Collected material:
*** Block opens ***

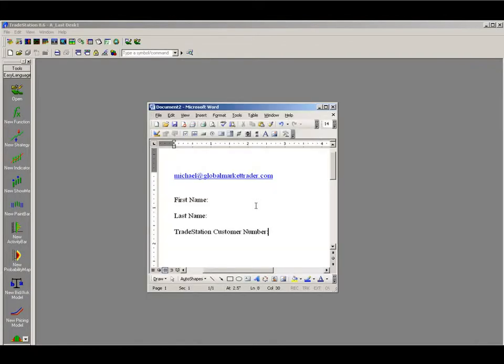Hi Traders, Michael here from Global Market Trader. In this video I'm going to go through how you go about receiving and registering your indicators and also how to set them up on your chart.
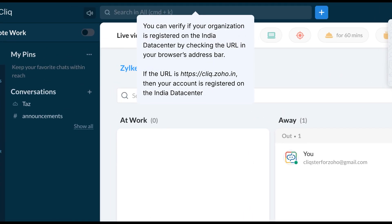You can verify if your organization is registered on the India Data Centre by checking the URL in your browser's address bar. If the URL is https://click.zoho.in, then your account is registered on the India Data Centre.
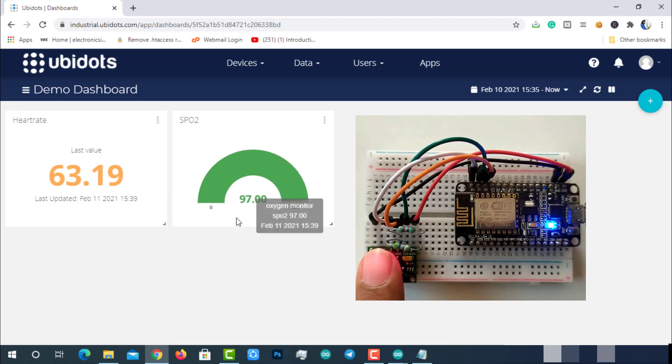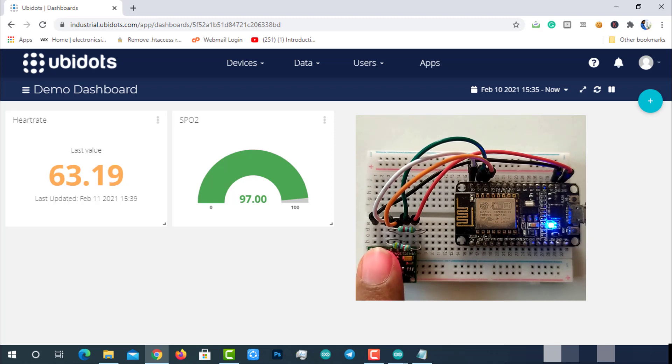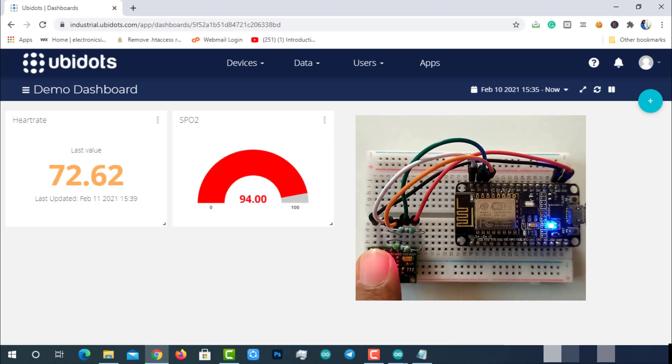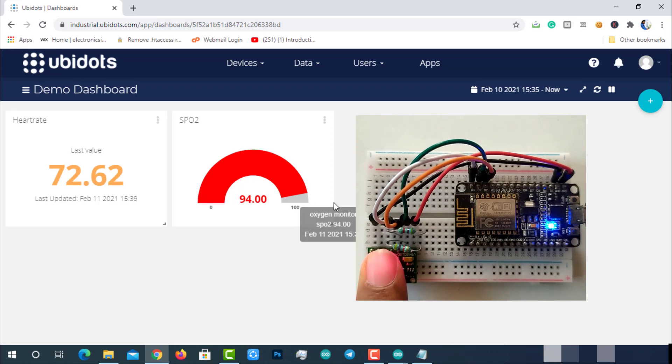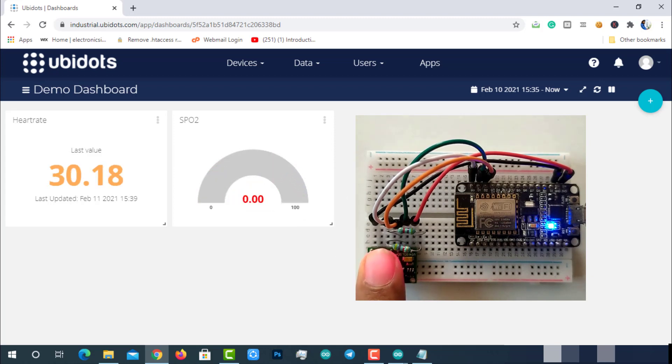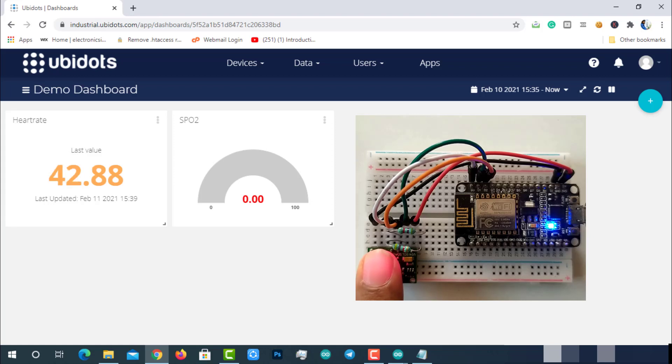To demonstrate, I am moving the finger to create fake abnormality in the readings. So it perfectly worked - you can see the data in red color.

*** Block closes ***

About this exercise: A verbatim transcription of the listing is expected, with no pictures included.

Answer below:
Hi Traders, Michael here from Global Market Trader. In this video I'm going to go through how you go about receiving and registering your indicators and also how to set them up on your chart.
You can verify if your organization is registered on the India Data Centre by checking the URL in your browser's address bar. If the URL is https://click.zoho.in, then your account is registered on the India Data Centre.
To demonstrate, I am moving the finger to create fake abnormality in the readings. So it perfectly worked - you can see the data in red color.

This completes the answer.